Hutin had to pick up Madame Marty’s things again, and walk ahead of them to show them to the ladieswear department. And he had the additional grief of seeing that Robineau was in the process of selling a large quantity of silk to Madame Boutarel. He certainly had lost his flair, he wouldn’t make a penny. Beneath his pleasant, polite manner there was the rage of a man who had been robbed and devoured by others.

‘On the first floor, ladies,’ he said, without ceasing to smile.
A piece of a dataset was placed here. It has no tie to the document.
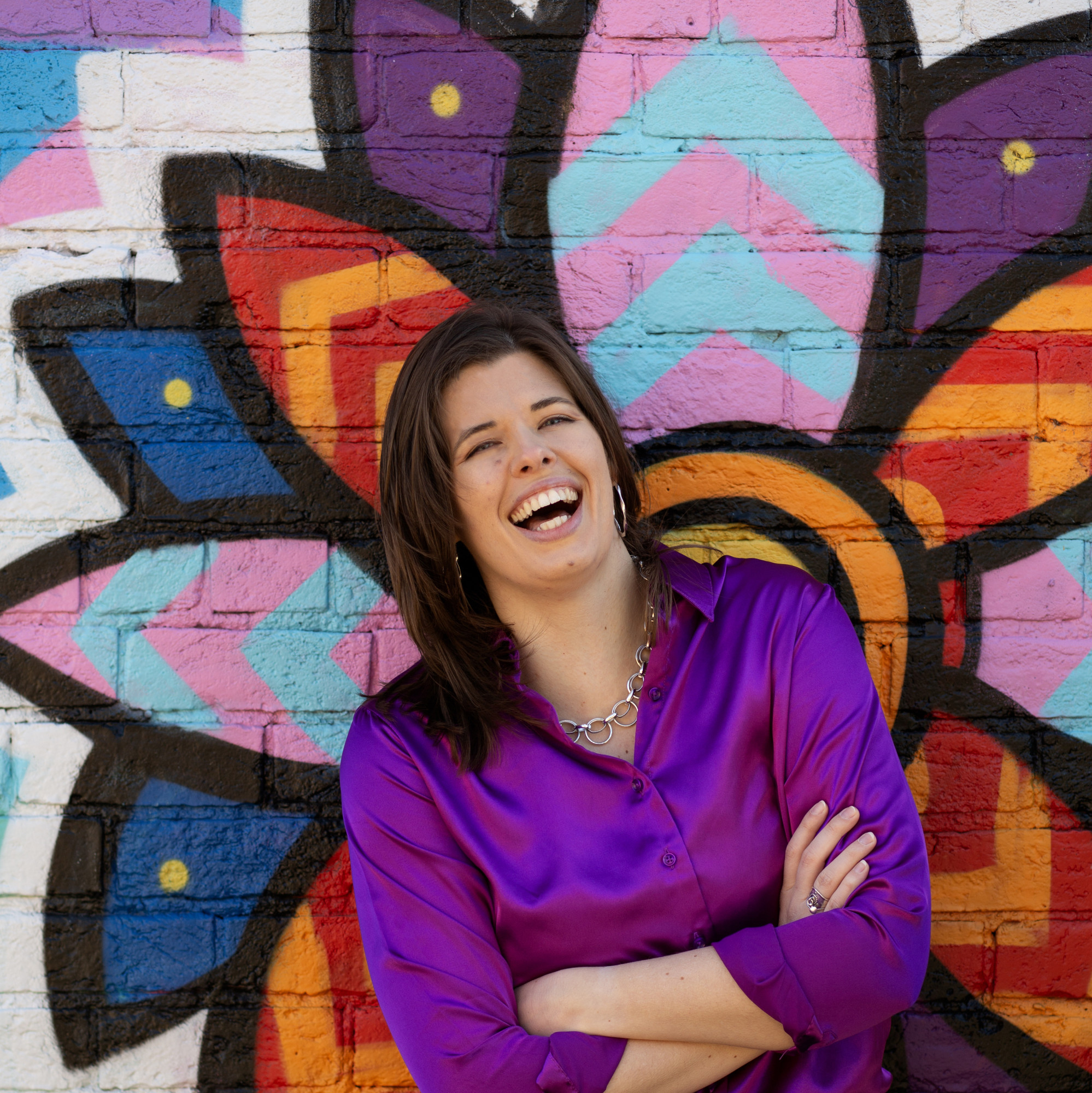 Headshot of program presenter, Chelsea Frost, laughing, wearing a purple top, standing in front of a multi-color flower mural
It was no longer easy to get to the staircase. A compact mass of heads was surging through the arcades, spreading out like an overflowing river into the middle of the hall. A real commercial battle was developing; the salesmen were holding the army of women at their mercy, passing them from one to another as if to see who could be quickest. The great afternoon rush-hour had arrived, when the overheated machine led the dance of customers, extracting money from their very flesh. In the silk department especially there was a sense of madness; the Paris-Paradise had attracted such a crowd that for several minutes Hutin could not advance a step; and when Henriette, half-suffocated, looked up, she glimpsed Mouret at the top of the stairs, for he always came back to the same place from where he could watch the victory. She smiled, hoping that he would come down and
extricate her. But he did not even recognize her in the crowd; he was still with Vallagnosc, busy showing him the shop, his face radiant with triumph. By now the commotion inside was muffling the sounds from the street; the rumbling of cabs and the banging of doors could no longer be heard; beyond the huge murmur of the sale there remained nothing but a sensation of the vastness of Paris, a city so enormous that it would always provide customers. In the still air, where the stifling central heating brought out the smell of the materials, the hubbub was increasing, made up of all sorts of noises—the continuous trampling of feet, the same phrases repeated a hundred times at the counters, gold clinking on the brass of the cash-desks, besieged by a mass of purses, the baskets on wheels with their loads of parcels falling endlessly into the gaping cellars. In the end everything became intermingled amidst the fine dust; it became impossible to recognize the divisions between the different departments: over there, the haberdashery seemed swamped; further on, in the linen department, a ray of sunlight coming through the window on the Rue Neuve-Saint-Augustin was like a golden arrow in the snow; while, in the glove and woollen departments, a dense mass of hats and hair hid the further reaches of the shop from view. Even the clothes of the crowd could no longer be seen, only headdresses, decked with feathers and ribbons, were floating on the surface; a few men’s hats made black smudges, while the pale complexions of the women, in the general fatigue and heat, were acquiring the transparency of camellias. Finally, thanks to some vigorous elbow-work, Hutin opened up a pathway for the ladies by walking ahead of them. But when she reached the top of the stairs Henriette could not find Mouret, who had just plunged Vallagnosc into the middle of the crowd to complete his bewilderment, and also because he felt the physical need to bathe in his own success. He became breathless with delight as he felt against his limbs a sort of long caress from all his customers.

‘To the left, ladies,’ said Hutin in a voice which was still courteous in spite of his growing exasperation.

Upstairs it was just as crowded. Even the furniture department, usually the quietest, was being invaded. The shawls, the furs, the underwear departments were teeming with people. As the ladies were going through the lace department, they again
came upon some people they knew. Madame de Boves was there with her daughter Blanche, both buried in the articles which Deloche was showing them. Hutin, parcel in hand, once more had to make a halt.